BEGIN Input material

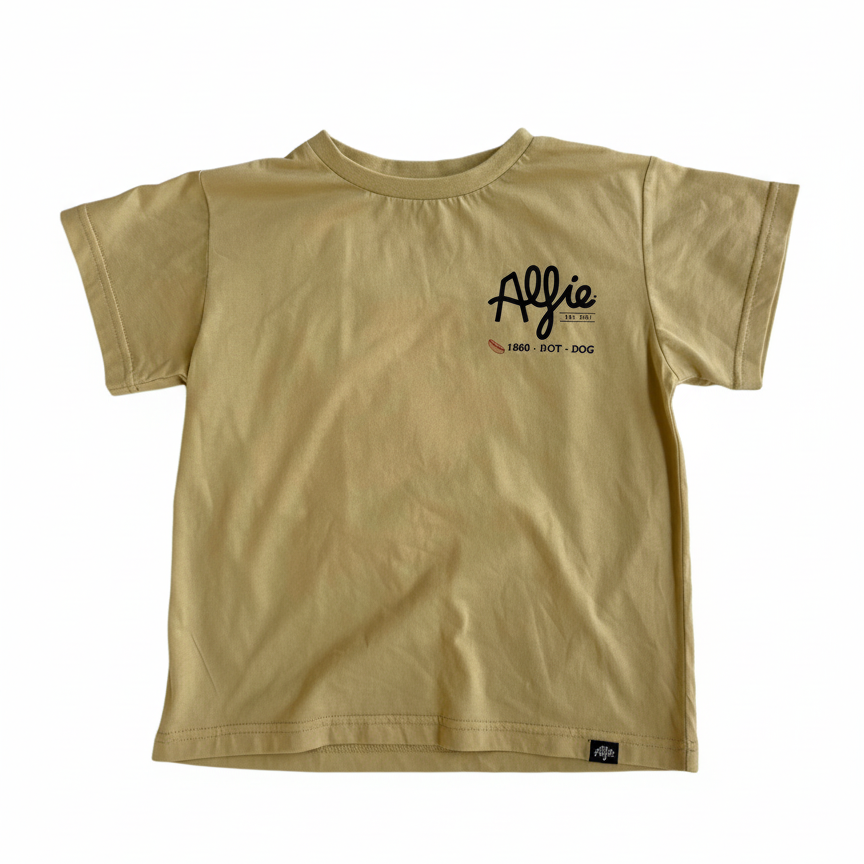 Tan Mad Dog Tee
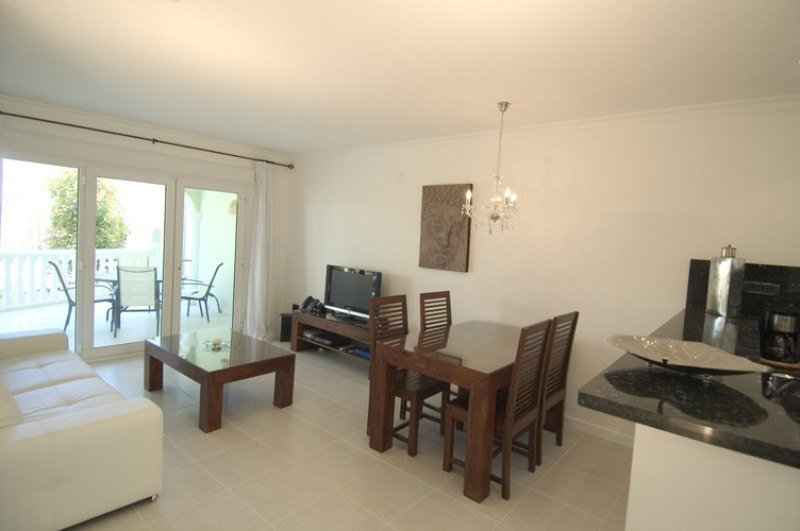 Apartments in a holiday complex for sale in Benissa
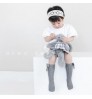 Conyson Fashion Summer New kids Summer Children Socks Thin Mesh Middle Hose Girl Socks Princess Baby Socks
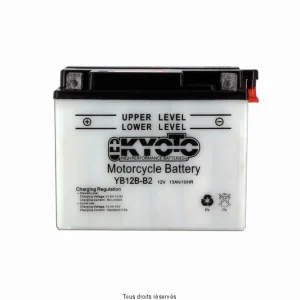 Yb12b-b2 L 161mm W 91mm H 132mm 12v 12ah Acide 0,7l Gyors kiszállítás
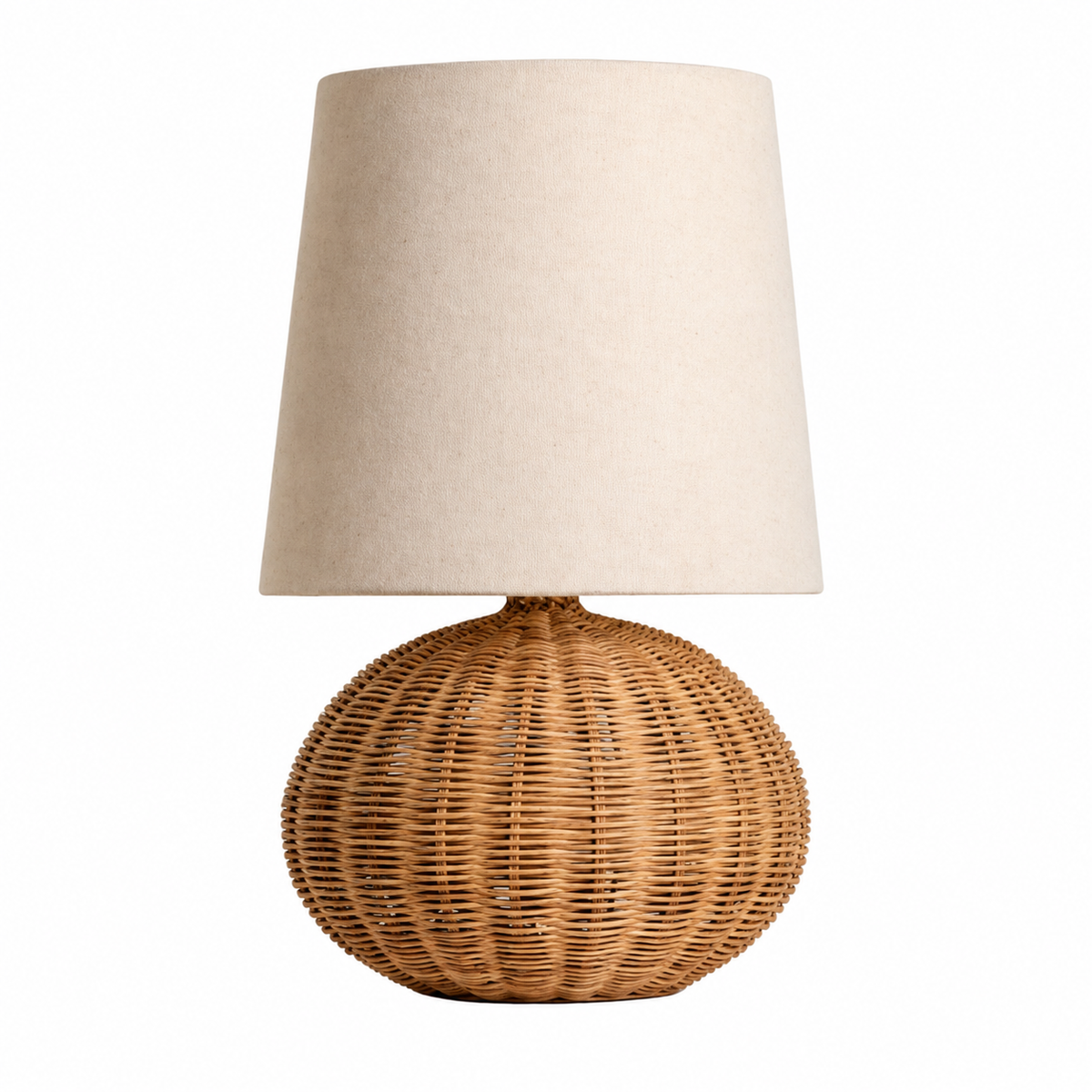 Wabi Rattan Woven Table Lamp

END Input material

Work item:
Once the pictures are dropped, set down everything else in the records exactly.

Result:
 Tan Mad Dog Tee
 Apartments in a holiday complex for sale in Benissa
 Conyson Fashion Summer New kids Summer Children Socks Thin Mesh Middle Hose Girl Socks Princess Baby Socks
 Yb12b-b2 L 161mm W 91mm H 132mm 12v 12ah Acide 0,7l Gyors kiszállítás
 Wabi Rattan Woven Table Lamp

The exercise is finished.